The claimants succeeded in their nuisance action and were awarded damages of £20,750 and an injunction. The defendants were ordered to pay 60% of the claimants' costs on the standard basis. However, the claimants' lawyers were retained using a conditional fee arrangement which resulted in the defendants being potentially liable for 60% of a success fee and an ATE insurance premium. Their 60% share of those amounted to over £300K, in addition to their liability for over £180K base costs.
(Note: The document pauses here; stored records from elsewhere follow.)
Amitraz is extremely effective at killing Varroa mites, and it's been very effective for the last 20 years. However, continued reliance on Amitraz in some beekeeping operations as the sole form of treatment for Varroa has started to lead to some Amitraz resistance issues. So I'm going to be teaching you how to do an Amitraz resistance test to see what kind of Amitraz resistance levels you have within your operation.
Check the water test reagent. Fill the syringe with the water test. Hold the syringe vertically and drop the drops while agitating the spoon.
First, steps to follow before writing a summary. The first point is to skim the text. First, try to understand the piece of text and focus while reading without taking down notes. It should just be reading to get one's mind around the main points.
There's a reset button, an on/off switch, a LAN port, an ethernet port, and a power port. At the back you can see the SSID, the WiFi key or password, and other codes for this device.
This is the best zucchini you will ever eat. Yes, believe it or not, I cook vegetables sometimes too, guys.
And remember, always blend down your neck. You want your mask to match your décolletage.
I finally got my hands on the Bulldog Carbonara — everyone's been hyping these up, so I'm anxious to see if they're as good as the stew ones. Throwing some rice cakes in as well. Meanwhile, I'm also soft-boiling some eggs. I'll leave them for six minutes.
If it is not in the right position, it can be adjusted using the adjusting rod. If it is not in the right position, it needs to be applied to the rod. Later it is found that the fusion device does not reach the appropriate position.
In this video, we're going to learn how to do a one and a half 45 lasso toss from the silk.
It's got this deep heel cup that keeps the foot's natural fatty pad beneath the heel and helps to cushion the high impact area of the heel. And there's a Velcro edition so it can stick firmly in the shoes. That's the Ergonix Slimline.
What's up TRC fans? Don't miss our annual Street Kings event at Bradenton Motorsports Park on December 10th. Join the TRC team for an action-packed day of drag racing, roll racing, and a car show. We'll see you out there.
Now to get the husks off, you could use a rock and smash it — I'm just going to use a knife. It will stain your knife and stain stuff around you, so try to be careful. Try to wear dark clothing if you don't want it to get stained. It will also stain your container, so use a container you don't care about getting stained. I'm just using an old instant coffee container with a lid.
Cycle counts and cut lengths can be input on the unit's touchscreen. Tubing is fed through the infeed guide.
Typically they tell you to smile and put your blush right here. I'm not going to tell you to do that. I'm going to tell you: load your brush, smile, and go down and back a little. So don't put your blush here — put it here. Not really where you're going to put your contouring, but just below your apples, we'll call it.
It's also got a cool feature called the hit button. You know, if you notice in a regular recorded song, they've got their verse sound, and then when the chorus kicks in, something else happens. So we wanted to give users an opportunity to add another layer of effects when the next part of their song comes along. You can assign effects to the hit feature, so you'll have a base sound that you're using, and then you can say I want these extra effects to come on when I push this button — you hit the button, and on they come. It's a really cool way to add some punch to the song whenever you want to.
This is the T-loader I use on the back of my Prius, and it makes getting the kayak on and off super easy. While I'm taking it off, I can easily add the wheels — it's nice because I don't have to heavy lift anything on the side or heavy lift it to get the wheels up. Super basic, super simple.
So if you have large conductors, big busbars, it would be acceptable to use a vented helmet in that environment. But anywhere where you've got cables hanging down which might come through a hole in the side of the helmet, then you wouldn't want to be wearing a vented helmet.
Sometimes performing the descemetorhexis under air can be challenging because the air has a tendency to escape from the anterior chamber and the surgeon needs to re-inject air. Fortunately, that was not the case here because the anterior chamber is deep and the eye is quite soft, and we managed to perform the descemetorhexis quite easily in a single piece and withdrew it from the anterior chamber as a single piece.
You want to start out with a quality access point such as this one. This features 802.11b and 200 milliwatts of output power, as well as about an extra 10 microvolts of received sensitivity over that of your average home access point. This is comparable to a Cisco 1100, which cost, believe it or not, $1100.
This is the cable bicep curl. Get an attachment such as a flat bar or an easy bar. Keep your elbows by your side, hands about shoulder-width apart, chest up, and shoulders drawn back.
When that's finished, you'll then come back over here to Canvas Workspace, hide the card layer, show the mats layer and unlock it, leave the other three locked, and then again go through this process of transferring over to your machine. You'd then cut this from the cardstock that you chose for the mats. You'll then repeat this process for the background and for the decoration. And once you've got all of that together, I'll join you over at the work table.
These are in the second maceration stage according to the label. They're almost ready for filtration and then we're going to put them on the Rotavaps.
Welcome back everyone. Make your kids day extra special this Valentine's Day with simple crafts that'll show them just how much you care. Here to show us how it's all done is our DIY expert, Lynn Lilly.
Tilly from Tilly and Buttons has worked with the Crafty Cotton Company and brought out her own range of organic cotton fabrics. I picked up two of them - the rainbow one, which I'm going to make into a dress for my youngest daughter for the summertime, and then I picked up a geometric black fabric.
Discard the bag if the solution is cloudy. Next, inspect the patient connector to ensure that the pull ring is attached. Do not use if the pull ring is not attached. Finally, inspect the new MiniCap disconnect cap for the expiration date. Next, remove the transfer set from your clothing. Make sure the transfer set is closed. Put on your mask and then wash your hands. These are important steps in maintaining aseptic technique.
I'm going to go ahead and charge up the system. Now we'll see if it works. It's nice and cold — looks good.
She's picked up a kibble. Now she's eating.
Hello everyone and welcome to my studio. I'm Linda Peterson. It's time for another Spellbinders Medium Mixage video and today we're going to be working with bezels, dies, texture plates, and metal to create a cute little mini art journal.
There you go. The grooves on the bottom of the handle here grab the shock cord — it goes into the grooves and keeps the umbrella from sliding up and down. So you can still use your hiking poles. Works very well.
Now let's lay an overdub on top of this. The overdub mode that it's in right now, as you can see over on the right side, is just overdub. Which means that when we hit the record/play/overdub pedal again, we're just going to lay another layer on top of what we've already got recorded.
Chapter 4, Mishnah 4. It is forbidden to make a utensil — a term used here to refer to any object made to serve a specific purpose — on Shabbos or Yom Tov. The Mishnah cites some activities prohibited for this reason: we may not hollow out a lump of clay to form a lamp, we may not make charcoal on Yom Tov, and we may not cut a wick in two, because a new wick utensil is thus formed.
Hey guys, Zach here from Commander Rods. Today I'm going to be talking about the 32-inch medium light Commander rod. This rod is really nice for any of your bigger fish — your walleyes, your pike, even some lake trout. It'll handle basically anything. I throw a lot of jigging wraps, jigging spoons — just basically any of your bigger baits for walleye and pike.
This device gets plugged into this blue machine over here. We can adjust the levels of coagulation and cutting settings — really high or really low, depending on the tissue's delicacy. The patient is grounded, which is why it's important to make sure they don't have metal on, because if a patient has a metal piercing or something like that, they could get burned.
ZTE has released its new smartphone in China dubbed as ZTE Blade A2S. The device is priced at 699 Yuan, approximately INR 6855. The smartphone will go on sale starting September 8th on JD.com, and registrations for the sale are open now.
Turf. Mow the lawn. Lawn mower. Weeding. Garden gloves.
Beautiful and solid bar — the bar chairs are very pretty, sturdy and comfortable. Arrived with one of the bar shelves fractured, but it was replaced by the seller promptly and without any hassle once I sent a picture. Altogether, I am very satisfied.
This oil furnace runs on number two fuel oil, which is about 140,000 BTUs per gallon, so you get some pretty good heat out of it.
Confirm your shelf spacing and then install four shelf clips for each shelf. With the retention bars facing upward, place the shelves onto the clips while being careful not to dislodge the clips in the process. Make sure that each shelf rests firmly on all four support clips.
The defendants accepted their liability for the claimants' base fees. However, they challenged the liability to pay the success fee and ATE premium under the AJA regime on the basis that this would unjustifiably interfere with their rights under Article 6 of the Convention (right to a fair trial), and/or Article 1 of the first protocol to the Convention (A1P1) (peaceful enjoyment of possessions).  Their submissions were based on MGN v United Kingdom, a 2011 case, in which the European Court of Human Rights had ruled that a regime that allowed the recoverability of a success fee by a wealthy claimant (the model Naomi Campbell)  infringed the Article 10 ECHR rights (freedom of expression) of the newspaper defendant. 

Judgment

Neuberger and Dyson LJJ, giving the leading judgments, considered the scope of MGN v United Kingdom, but rejected the submission that this case also required a finding that the pre-Jackson costs regime was incompatible with Article 6.  The MGN decision concerned Article 10 which is "always given particular weight by the ECtHR" and the balancing exercise in this case was "of a wholly different character":

"In our judgment, there is a powerful argument that the 1999 Act scheme is compatible with the Convention for the simple reason that it is a general measure which was (i) justified by the need to widen access to justice to litigants following withdrawal of legal aid; (ii) made following wide consultation; and (iii) fell within the wide area of discretionary judgment of the legislature and rule-makers to make."

Comment

The decision maintains the status quo.  It is of most importance for the limited types of claim in which success fees and ATE premiums are still recoverable, and to which the pre 1 April 2013 costs regime still applies, namely publication, privacy,  insolvency and mesothelioma cases.